Being relevant to members
Tiers are important motivators, but only if attainable. And that is going to be different for every single member. And increasingly the current tier qualification standards are just not attainable for most members. And even for those who normally qualify are going to find it tough in the coming year because of the pandemic.
“The way we think it needs to be handled is - make one global change making tier status easy to achieve for people but then also use predictive analytics and the rich data that loyalty programs create to build models to help understand how to send offers to individual members. For instance, “we have reduced the tier qualification but here is the extra bonus for you to make it easier to reach the status”. That way you are making the tier qualification status for each individual member unique or may be at a segment level.

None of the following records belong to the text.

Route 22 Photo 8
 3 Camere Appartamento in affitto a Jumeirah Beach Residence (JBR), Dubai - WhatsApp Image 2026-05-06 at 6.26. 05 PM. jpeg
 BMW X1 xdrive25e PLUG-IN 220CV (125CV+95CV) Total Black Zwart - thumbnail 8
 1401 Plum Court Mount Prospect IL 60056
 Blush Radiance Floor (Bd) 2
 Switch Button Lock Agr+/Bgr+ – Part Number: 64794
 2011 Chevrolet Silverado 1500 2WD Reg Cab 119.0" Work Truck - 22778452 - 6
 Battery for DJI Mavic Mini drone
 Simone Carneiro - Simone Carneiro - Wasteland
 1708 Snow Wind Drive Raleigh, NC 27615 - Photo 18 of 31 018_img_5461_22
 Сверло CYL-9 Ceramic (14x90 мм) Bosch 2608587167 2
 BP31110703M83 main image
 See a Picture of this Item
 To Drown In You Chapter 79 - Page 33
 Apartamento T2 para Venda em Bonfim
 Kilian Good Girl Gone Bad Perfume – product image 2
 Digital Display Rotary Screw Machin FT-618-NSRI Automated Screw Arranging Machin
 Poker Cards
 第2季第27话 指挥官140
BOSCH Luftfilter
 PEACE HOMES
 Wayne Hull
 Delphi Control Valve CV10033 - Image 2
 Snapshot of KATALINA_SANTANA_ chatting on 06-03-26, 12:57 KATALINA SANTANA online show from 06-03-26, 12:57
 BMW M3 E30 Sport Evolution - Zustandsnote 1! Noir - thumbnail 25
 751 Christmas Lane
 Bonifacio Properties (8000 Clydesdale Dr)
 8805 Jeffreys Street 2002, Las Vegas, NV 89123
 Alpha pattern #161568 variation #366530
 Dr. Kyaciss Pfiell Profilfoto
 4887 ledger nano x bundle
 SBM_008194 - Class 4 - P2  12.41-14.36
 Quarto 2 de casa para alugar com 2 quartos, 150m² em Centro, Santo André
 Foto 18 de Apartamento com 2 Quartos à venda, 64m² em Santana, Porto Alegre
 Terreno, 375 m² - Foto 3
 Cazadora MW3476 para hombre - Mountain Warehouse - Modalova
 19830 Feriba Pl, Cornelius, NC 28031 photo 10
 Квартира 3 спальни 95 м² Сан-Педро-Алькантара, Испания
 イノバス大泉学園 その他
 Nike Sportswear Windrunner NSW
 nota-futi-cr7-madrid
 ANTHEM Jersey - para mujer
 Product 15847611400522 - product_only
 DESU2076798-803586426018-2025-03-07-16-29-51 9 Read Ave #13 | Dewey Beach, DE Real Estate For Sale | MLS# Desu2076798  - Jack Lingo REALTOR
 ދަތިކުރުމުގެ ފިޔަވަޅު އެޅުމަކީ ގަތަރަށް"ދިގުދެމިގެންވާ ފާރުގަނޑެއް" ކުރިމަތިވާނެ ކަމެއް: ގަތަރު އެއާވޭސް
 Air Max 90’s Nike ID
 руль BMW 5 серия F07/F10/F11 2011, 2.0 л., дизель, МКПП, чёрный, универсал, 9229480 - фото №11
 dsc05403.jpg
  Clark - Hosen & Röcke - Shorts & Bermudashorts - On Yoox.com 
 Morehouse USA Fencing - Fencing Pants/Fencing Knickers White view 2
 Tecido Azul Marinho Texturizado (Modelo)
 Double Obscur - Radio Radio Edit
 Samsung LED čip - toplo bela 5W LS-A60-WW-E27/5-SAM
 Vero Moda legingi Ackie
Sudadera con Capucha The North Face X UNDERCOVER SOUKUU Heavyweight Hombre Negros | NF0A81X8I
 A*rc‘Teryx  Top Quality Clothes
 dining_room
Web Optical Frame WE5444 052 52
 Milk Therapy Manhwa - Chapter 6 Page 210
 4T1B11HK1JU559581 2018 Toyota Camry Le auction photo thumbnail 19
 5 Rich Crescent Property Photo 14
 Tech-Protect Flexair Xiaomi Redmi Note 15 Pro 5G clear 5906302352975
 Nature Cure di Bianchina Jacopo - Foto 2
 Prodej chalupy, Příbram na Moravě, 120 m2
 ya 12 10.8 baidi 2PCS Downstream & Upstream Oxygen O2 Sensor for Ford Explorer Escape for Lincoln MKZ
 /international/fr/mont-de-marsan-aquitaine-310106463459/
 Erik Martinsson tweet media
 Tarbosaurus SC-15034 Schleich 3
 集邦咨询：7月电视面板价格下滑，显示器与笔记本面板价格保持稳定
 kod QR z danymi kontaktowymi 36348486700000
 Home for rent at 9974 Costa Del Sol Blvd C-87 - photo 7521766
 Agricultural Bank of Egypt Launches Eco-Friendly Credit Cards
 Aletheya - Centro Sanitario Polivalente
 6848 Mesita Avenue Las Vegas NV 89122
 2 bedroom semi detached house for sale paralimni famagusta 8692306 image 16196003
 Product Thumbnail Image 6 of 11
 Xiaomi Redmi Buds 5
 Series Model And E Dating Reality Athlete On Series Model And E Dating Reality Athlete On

So tier is going to be leveraged as a motivator in the most effective way. Because there is customisation for each individual, customising their qualification standard based on the unique circumstances of each member. And obviously one doesn’t want everyone to qualify otherwise it would be overloaded with volume and then devalue the value of the tier status. So lot of nuances there for execution. It can be a powerful tool in driving the desired behaviour and accelerate the recovery when it eventually happens the recovery when it happens,” said Llaguno.
Putting a value on a member
Llaguno highlighted that program managers need to put a value on each member.
“Value your customers, put a number on them that represents their expected future profit for the organisation (a bottomline number) - model the expected revenue, cost of goods sold, marketing cost, acquisition cost and the redemption cost to be incurred for members for every point they earn. Then one can get to bottomline profit number. Select some horizon. Getting to this point, which most airlines don’t, is incredibly insightful,” he said.
He added, “Because you soon realise that 20% of your members are going to generate 80% of your profits over the next 2 to 5 years. The problem today is that loyalty programs and airlines don’t know who that 20% is. And it’s not that who you think it is. Your highest tier members are absolutely some of your most valuable members and that’s not really surprising but the interesting part is lot of high value members in lowest tiers. And the problem is airlines and loyalty programs Have no way to identify them today and if you’re able to build models predict expected future profit that gives you the ability to identify them today and be more proactive engaging with them, sending personalised offers etc. And that activity allows you to focus your time and resources on Members that really going to move the economic needle and maximise the likelihood of capturing that profit from those members and potentially grow profit from members.”